4 Investigates: Former animal shelter employee speaks out on deplorable conditions – Albuquerque, New Mexico

Albuquerque, New Mexico 2021-09-20 00:31:55 –

During the summer, past and former employees and volunteers contacted 4 Investigates and told the KOB 4 team the situation in the city’s animal shelter, turning normally non-aggressive dogs into dangerous dogs. I asked you to investigate.

“My level of concern is very high. I quit my job so I can talk about animals in Albuquerque,” ​​said Deana Case, a former Animal Welfare employee.

Deana Case was once an animal behavior specialist in the city of Albuquerque. After she quit, she agreed to talk to KOB 4 on behalf of many other people who reached out, but they felt they couldn’t go to the camera for fear of losing their jobs. .. She worked with a dog that became more and more stressed while in the shelter.

“While they were staying in shelters, they had little contact with humans, and often because the chemistry of their bodies was so elevated that it made a real permanent change in the brain. Causes. Physiological changes occur in humans and animals from stress and trauma, “says Case.

Case believes the dog beat an employee of this shelter because he had lived in an intolerable situation for a long time.

“She went to the kennel and scooped this very young herding dog that had been there for months without sufficient exercise and contact with enriched levels of humans. He hit her. “

According to the case, the employee had nearly three dozen punctures, the dog injured a vein, and the employee was taken to an ambulance. The fate of the dog — euthanasia.

Deana Case, along with some other dogs, said KOB 4 dogs are more stressed due to two major problems.

“So this is how full the shelter is now. These dogs live outside because there are no rooms inside the physical shelter,” Case said.

4 Mobile phone videos and photos provided to Investigates show that they are in an area intended for short-term use, such as an ingestion area where animals should be for a few minutes, but there are a few dogs there. I live for a day.

“I’m worried that all animals have digestive problems due to overcrowding problems. They have hyperkinesis, which is stereotyped, such as drawing with fingers using poop. It develops. Cats tend to hide behind the bed and never come out and socialize.
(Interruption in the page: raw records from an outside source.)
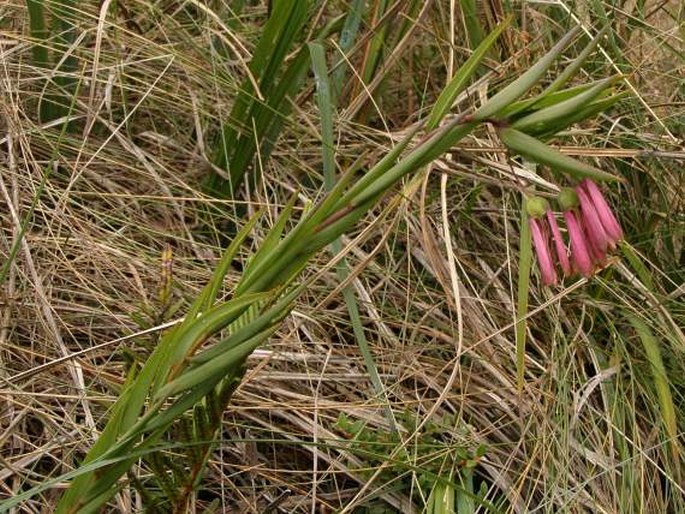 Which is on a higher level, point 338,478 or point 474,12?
point 474,12

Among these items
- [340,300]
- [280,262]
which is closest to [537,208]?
[280,262]

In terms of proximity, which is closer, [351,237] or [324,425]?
[324,425]

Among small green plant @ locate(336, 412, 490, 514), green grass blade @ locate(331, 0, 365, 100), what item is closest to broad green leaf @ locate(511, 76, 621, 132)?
small green plant @ locate(336, 412, 490, 514)

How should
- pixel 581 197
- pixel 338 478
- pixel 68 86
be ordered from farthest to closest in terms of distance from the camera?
pixel 68 86 < pixel 338 478 < pixel 581 197

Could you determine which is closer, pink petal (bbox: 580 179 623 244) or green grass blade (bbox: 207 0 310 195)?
pink petal (bbox: 580 179 623 244)

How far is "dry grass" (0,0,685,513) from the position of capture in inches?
53.9

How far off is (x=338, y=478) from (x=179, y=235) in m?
0.45

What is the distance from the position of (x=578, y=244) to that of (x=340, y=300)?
73 cm

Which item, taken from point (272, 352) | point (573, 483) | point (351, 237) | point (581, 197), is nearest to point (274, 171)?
point (351, 237)

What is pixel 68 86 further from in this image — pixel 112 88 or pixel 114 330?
pixel 114 330

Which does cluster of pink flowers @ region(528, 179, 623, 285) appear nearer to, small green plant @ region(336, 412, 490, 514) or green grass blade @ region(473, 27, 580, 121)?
green grass blade @ region(473, 27, 580, 121)

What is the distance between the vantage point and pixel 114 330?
1488 mm

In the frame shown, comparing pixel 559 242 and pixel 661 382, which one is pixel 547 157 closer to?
pixel 559 242

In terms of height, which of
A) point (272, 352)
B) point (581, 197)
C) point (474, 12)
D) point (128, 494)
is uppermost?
point (581, 197)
The noise levels are overwhelming and increase the aggressive and anxious behavior of animals, “says Case. I did.

Currently, the recruitment rate of the Animal Welfare Department is 30%. There are simply no people to work with the dog, which has led the dog to stay in their cage for 23-24 hours a day for weeks or months.

“They aren’t in contact with humans, they aren’t taking a walk, and again, it escalate aggressive behavior, and also depression. Some of them just give up,” Case said.
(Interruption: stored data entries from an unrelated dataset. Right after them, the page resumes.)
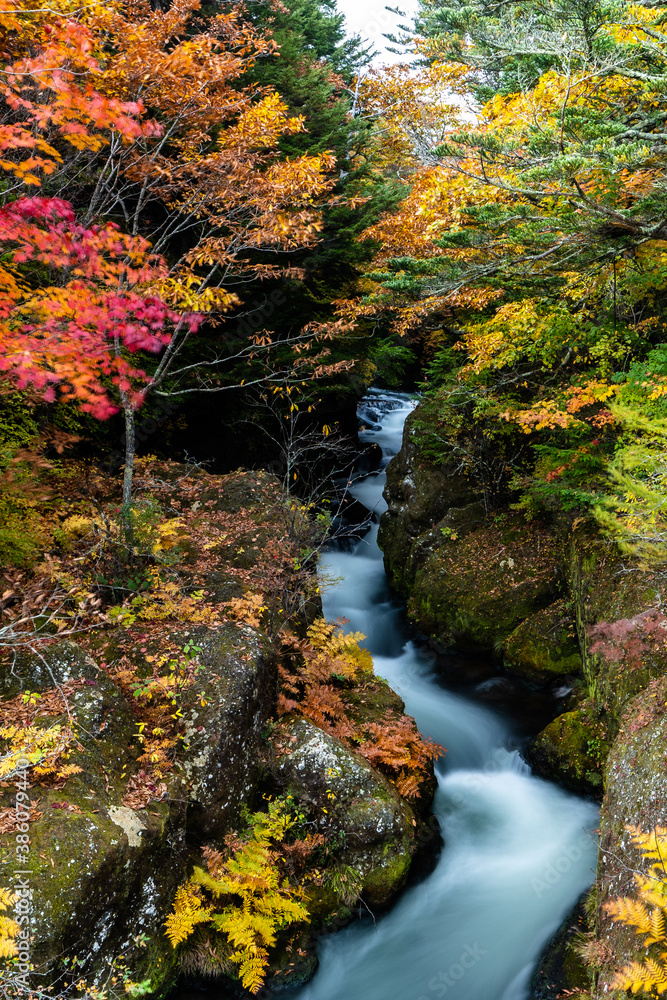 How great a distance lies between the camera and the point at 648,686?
6.32 meters

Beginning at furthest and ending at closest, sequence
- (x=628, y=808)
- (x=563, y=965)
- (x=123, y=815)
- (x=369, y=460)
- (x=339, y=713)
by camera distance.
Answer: (x=369, y=460) < (x=339, y=713) < (x=563, y=965) < (x=628, y=808) < (x=123, y=815)

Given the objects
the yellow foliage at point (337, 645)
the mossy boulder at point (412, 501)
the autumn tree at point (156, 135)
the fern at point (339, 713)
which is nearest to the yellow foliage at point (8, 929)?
the fern at point (339, 713)

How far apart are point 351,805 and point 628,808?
2.89 meters

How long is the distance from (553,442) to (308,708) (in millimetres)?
6740

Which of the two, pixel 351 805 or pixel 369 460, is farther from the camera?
pixel 369 460

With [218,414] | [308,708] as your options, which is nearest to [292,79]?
[218,414]

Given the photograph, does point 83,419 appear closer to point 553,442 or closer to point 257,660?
point 257,660

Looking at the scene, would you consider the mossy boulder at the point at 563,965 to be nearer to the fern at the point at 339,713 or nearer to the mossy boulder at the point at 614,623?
the fern at the point at 339,713

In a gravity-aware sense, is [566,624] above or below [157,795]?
above

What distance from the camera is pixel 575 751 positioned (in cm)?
769

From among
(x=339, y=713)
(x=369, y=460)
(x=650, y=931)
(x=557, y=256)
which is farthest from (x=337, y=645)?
(x=369, y=460)

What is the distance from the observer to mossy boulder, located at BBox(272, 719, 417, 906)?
6.16 meters

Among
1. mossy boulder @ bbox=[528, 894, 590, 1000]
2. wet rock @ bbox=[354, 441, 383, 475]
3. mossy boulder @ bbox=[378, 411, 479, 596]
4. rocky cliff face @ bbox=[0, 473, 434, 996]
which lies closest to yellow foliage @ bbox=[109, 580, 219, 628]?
rocky cliff face @ bbox=[0, 473, 434, 996]

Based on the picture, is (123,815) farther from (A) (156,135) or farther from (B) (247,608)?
(A) (156,135) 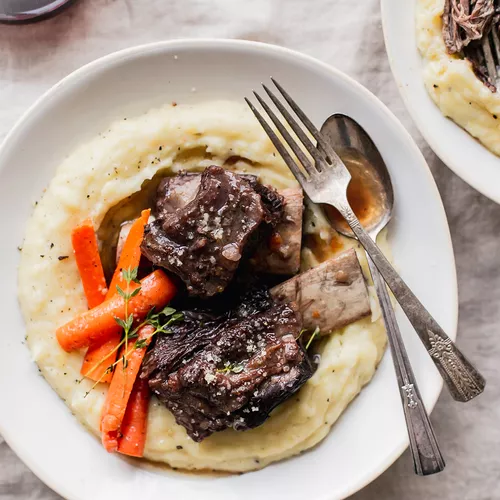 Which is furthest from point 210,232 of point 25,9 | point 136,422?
point 25,9

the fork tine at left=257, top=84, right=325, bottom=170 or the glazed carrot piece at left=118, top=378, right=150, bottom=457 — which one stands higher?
the fork tine at left=257, top=84, right=325, bottom=170

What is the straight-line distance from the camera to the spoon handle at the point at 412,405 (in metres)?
3.12

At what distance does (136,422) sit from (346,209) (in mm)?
1666

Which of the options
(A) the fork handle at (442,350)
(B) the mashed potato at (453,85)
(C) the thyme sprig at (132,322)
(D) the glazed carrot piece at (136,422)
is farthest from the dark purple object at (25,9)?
(A) the fork handle at (442,350)

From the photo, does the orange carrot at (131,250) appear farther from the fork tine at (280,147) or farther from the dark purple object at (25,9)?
the dark purple object at (25,9)

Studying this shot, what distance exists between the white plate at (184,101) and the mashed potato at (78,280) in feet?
0.34

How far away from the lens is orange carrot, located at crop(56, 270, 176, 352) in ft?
11.5

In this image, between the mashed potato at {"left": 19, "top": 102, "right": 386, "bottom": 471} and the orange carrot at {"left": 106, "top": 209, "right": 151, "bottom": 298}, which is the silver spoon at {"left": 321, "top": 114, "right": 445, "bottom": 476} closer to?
the mashed potato at {"left": 19, "top": 102, "right": 386, "bottom": 471}

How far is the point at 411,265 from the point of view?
3676 millimetres

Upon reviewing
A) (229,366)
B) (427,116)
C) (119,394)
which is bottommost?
(119,394)

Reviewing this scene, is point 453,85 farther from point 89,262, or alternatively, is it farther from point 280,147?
point 89,262

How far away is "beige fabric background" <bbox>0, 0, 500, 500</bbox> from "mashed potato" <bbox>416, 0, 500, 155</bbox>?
515 mm

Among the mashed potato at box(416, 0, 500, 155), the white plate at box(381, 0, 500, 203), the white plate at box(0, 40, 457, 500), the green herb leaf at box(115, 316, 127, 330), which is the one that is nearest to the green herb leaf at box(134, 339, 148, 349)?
the green herb leaf at box(115, 316, 127, 330)

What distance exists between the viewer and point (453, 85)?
3623 millimetres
KOB 4 communicated the case’s concerns to Carolyn Ortega, the city’s director of animal welfare, and she admits. She became creative about where to keep animals.

“We are a public shelter and we do not close the doors when we reach capacity. We knew we would be overcapacity so we created a temporary living space for them,” Ortega said. Says.
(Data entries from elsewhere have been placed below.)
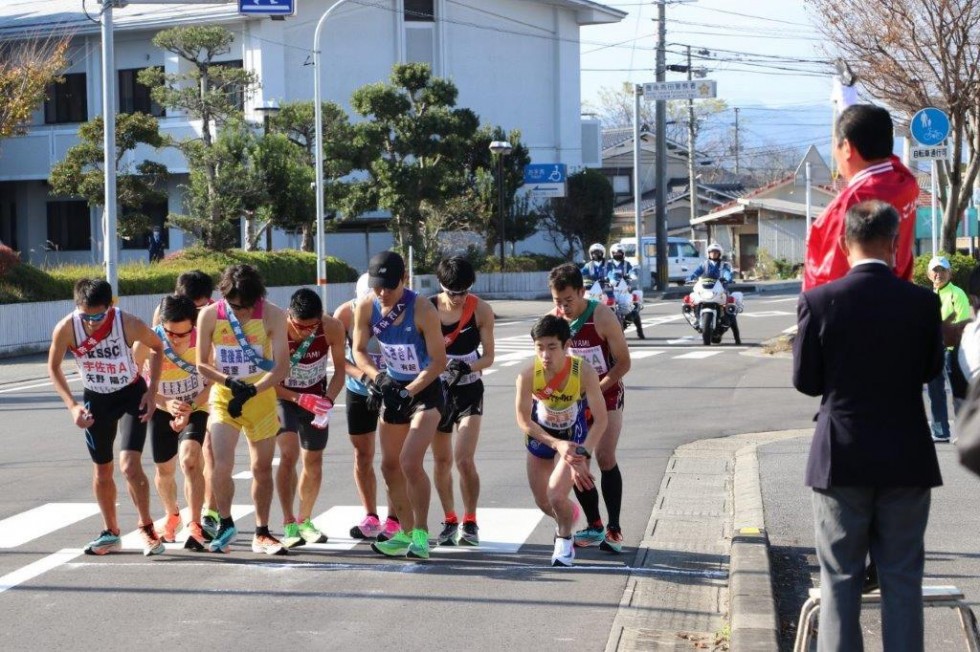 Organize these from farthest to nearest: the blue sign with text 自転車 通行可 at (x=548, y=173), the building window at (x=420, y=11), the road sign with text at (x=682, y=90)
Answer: the building window at (x=420, y=11) → the blue sign with text 自転車 通行可 at (x=548, y=173) → the road sign with text at (x=682, y=90)

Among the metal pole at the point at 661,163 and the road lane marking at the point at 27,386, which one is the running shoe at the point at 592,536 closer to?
the road lane marking at the point at 27,386

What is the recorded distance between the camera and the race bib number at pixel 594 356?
346 inches

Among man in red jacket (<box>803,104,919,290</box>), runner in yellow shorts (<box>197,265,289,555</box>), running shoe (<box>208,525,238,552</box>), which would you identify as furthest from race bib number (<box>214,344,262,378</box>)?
man in red jacket (<box>803,104,919,290</box>)

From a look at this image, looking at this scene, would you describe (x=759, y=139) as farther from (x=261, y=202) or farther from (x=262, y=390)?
(x=262, y=390)

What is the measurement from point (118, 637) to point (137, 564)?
1707 mm

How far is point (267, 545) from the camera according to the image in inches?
344

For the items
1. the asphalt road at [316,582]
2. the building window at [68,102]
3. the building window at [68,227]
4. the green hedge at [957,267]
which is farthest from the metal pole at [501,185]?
the asphalt road at [316,582]

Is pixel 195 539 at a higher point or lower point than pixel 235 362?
lower

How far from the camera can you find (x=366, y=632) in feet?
22.7

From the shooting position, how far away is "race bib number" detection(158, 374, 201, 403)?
9.05m

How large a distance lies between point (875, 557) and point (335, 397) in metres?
4.50

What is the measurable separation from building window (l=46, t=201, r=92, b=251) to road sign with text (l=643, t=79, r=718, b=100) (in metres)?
20.0

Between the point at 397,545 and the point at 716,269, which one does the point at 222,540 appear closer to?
the point at 397,545

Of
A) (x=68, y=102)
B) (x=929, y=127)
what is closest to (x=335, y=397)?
(x=929, y=127)
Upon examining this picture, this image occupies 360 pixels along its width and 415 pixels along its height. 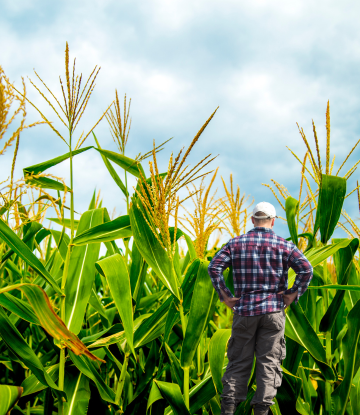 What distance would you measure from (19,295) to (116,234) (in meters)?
1.20

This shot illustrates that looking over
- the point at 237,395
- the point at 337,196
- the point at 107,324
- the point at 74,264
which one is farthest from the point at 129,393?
the point at 337,196

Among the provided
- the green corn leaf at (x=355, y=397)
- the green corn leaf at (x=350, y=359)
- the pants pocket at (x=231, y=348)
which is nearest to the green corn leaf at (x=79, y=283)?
the pants pocket at (x=231, y=348)

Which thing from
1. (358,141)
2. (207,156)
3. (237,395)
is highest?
(358,141)

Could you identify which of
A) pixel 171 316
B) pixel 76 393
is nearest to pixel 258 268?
pixel 171 316

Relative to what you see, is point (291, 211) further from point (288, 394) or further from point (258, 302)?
point (288, 394)

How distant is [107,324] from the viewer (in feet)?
8.49

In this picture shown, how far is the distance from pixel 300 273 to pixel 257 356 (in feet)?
1.83

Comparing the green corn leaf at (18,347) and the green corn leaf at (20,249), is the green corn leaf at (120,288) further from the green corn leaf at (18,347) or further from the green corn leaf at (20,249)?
the green corn leaf at (18,347)

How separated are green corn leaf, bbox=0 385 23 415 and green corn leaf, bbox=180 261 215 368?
3.03 feet

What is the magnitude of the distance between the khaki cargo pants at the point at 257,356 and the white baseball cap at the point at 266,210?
0.58 metres

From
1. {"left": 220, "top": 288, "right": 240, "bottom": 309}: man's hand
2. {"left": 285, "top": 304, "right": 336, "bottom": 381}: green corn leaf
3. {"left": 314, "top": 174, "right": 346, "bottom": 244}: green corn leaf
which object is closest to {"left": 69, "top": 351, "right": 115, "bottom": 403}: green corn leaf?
{"left": 220, "top": 288, "right": 240, "bottom": 309}: man's hand

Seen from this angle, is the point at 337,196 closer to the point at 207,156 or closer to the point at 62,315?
the point at 207,156

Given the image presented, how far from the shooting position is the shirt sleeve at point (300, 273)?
1925 mm

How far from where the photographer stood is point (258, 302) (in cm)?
200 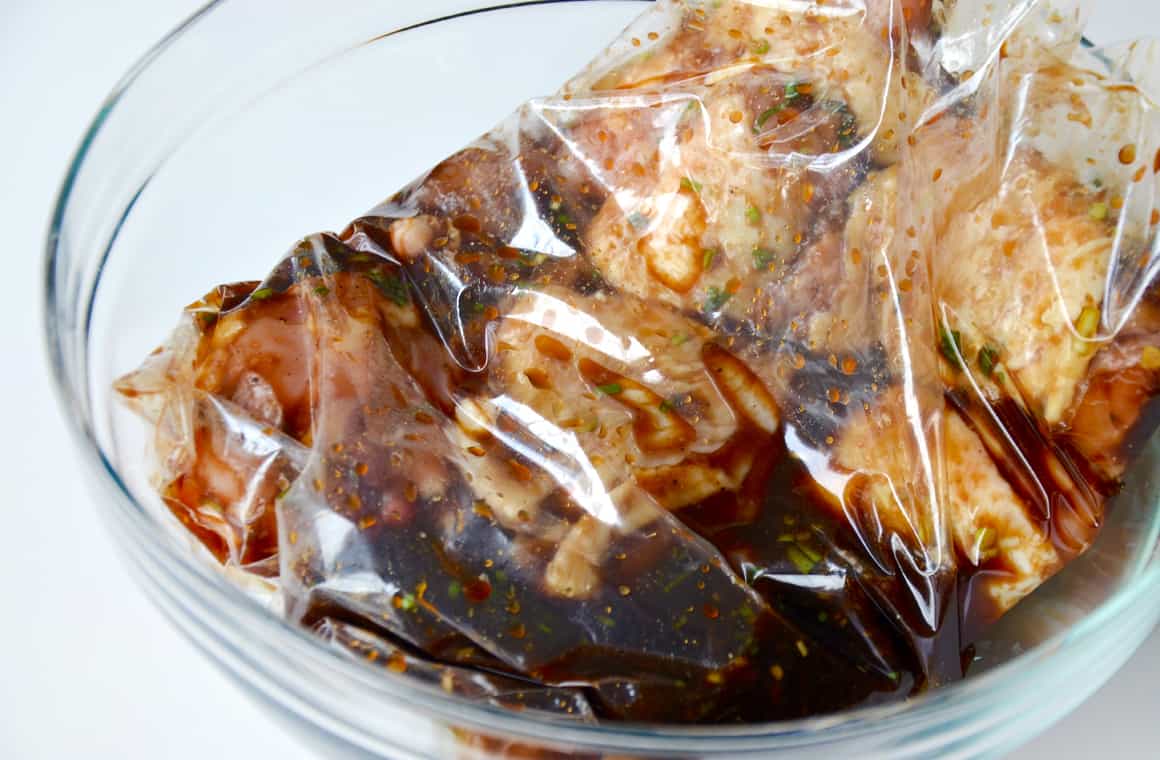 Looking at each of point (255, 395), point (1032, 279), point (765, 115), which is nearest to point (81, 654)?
point (255, 395)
Ortega said at the beginning of the pandemic he was ordered to stop contraceptive castration and contraceptive castration.

“To maintain the hospital’s PPE,” she said.

And she believes the directive has had a devastating spillover effect on the city’s pet overpopulation problem, which, coupled with a national labor shortage, acknowledges the problem.

“Some of these positions are really hard to fill,” Ortega said.

However, she said she offers interviews and jobs in positions where she comes into direct contact with animals.

More videos and photos show that the shelter violates the city’s own animal law.

The Heart Ordinance requires shelters to keep animals at temperatures between 60 and 80 degrees Celsius.

However, last winter’s thermostat photos show that the temperature inside the kennel is well below that.

“That is, it’s 7:30. The wind chill has dropped to 16 degrees. The dog is still outside and the water is frozen in the guillotine. So now it’s snowing and the dog is out. increase.”

Wetland coolers broke last summer — staff were forced to bring in these noisy industrial fans.

“We invited some developers to inspect our air conditioners and find the best approach to ensure they were within 60-80 according to the HEART Ordinance,” Ortega said.

And there was a rodent problem in the shelter, and staff expressed concern that the animals were eating poisoned rats.

The email received by 4Investigates says:

“I suspect cash got sick and ingested a poisonous rat. He eats so much that he’s worried that this might be a problem. B01 Garty dies a rat in a kennel tonight. Was. “

With all these issues, the staff wondered if Mayor Tim Keller had chosen the right person to lead the department from this turmoil. Ortega has never worked in an animal shelter. KOB 4 asked Mayor Tim Keller about it.

4 Investigator Chris Ramirez : You have been accused of hiring a director who is not eligible to become a director of animal welfare and has no experience in shelter. For real?

Keller: “Well, we did this intentionally. Often, the city departments they have had long-standing problems with need outsiders. I want our animal welfare director. All you have to do is get the experts to run the department, and I want them to manage all these high levels that were happening that weren’t happening before. “

“You can’t stack them in cages like cordwood. They’re living social beings,” Case said.

And the others she talked to said it was time to prioritize animal welfare.